Yeah, we have 3 or 4 semi-overlapping "semi-private" repertoires of
pictures that we're proposing to be smooshed into the character encoding
space so that when this stuff leaks into UTF-8 text from the
semi-private sources it doesn't end up as white boxes and can be indexed
by Google and others. But to do that I see absolutely no real need for
source separation. Why is it important to be able to round trip any of
this stuff?

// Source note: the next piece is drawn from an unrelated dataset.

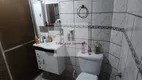 Foto 9 de Sobrado com 3 Quartos à venda, 175m² em Conjunto Habitacional Brigadeiro Faria Lima, São Paulo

The vendors have mappings to each other, presumably, and
it's not Unicode's job to provide those vendors with an all-singing
all-dancing solution to mapping issues between other "standards".

Others may think there is a need for source separation. If so, I suggest
that it be carefully argued in the actual proposal before UTC and WG2,
because I think it will be difficult to convince the committees that
source separation is actually required, or even a reasonable principle
for this stuff, once divested of color and animation.

This was one of the key principles discussed in the UTC committee, multiple times. Perhaps you were nodding off during those discussions ;-)

Again, just my opinions for the authors to consider in making their
proposal.

Frankly, there are far more need for emoji encoding than there are for archaic scripts. If you really want to argue against proposals that have firm industry requirements, you'll find a lot less support in the UTC for the encoding of exotic characters.

Rick

Rick McGowan

unread,

Dec 20, 2008, 12:54:55 PM12/20/08

to emoji4...@googlegroups.com

Mark Davis wrote:
> I think so much of this tempest in a teapot is because we don't yet
> have a black-and-white font.
> Perhaps it was a mistake to open this up for public comment, just
> because there are so many people getting such wrong impressions of the
> proposal.

Yes, possibly. It might have been better to wait until the proposal had
some accompanying explanatory text. People are definitely not
understanding it. However, this is part of the reason I post my comments
here as direct feedback to the authors, and have no intention of
contributing to any tempest on the Unicode list.

> I don't know how very many times we have to say that this IS NOT the
> proposal that we will be making to the UTC; it is preliminary work

Yes... I just wanted to get my 2 cents in to this official feedback
forum, to make sure that the text isn't forgotten.